The two freed hostages have indicated that Obama-backed Syrian rebels were behind the chemical weapon atrocity.
A Belgian researcher, freed from Obama-backed Syrian rebels, has denied what Human Rights Watch, a front group for the United States Department of State stated Thursday: that it had "compelling evidence showing the Assad government was responsible for the August 21 gas attack on a village near Damascus.
The gas attack resulted in over a thousand civilians allegedly gassed to death with nerve agent sarin and Barack Obama’s justification to strike Syria.
“Pierre Piccinin da Prata has given a sensational interview to Belgium’s RTL-TVI radio station where he stressed it was his “moral duty” to say that Bashar Assad’s government did not stand behind using sarin or any other gas on the outskirts of Damascus,” Voice of Russia radio station reports.
“The Belgian national said he learned as much from what he overheard in an exchange between his captors.”
Both the Italian journalist Domenico Quirico and the Belgian teacher Pierre Piccinin were flown home Wednesday after kidnapped and held for five months by Syrian rebel’s as hostages.
Quirico, 62, is a well-known war correspondent in Italy.
Qurico and Piccinin have indicated that Obama-bcked Syrian insurgents were behind the gas attack on a village near Damascus.
Human Rights Watch, a front group for the United States Department of State, said Thursday that it had compelling evidence that the Syrian government was responsible for the gas attack.
“Human Rights Watch (HRW) is an arm of the U.S. Department of State,” political analyst Don DeBar stated in a brief Skype interview Thursday morning. ”It and Amnesty International’s U.S. chapter have shared Clinton State Department functionaries as CEOs.
“Human Rights Watch always carries the U.S. Department of State line with respect to U.S. military actions against other states,” DeBar said.

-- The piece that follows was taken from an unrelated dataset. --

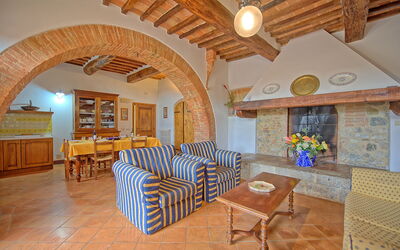 San Donnino 5: Zimmer, Eigentum, Gebäude, Möbel, Grundeigentum, Wohnzimmer, Interior Design, Haus, Zuhause, Decke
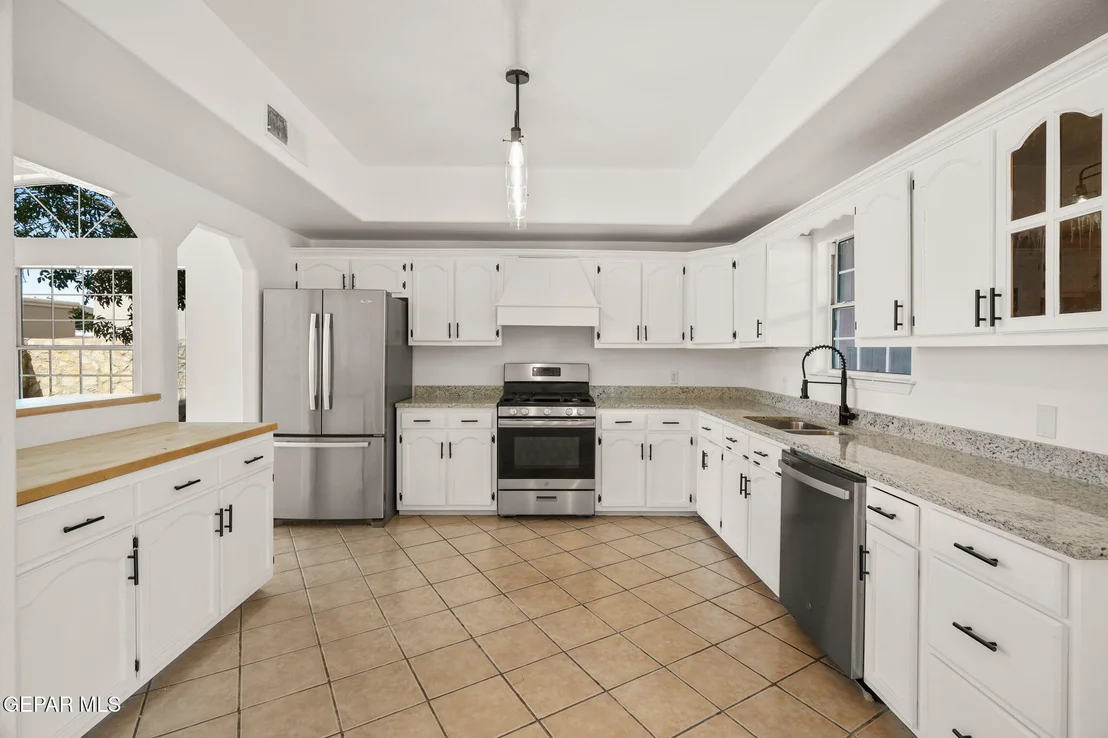 Photo of 12385 Orchard Park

Nevertheless, the front group's “findings” on the recent chemical attack of Syrians were splashed across United States news headlines Thursday, as though the reporters were from an independent group ethically investigating and reporting true findings.
Unlike legal authorities and genuine human rights groups, Human Rights Watch is, as usual, toeing the U.S. administration’s party line, this time defending the Obama regime’s intent to use military aggression against Syria – for humanitarian reasons.
Any U.S. strike on Syria would constitute a war crime.
Obama is replicating the war crime he committed in Libya with impunity. His CIA is now overtly transferring arms to the Syrian rebels, who are committing the worst atrocities in the nation, and blaming Assad. In Libya, Obama's Navy cluster-bombed Libya and blamed Gaddafi.
“[T]he entire region is suffering, damaged already from the Libyan expedition, the Iraq expedition, even the Afghanistan war that was started by the US in the late 70’s or 80’s which continues today,” DeBar told Press TV. ”Unfortunately I do not see peace in the near future because the government here in the United States will not allow it.”
International lawyer and Kuala Lumpur International War Crimes Tribunal Judge Alfred Lambremont Webre reported to Dupré today about the HRW's “compelling evidence.”
“It is important to wait for the final reports.”
”One preliminary UN report suggest that both the Syrian government and factions within the rebels used poison gas on the Syrian population. Another report notes that Syrian President Bashar Al-Assad did not give the order ro use poison gas.”
Weber's reasoning might surprise some readers.
“If these reports prove to be true,” Webre stated, “then it may be the case that the reported uses of poison gas by both the Syrian government and the rebels were in fact a coordinated ‘false flag attack’ to trigger a U.S. armed intervention and an escalation into regional and perhaps global conflict.”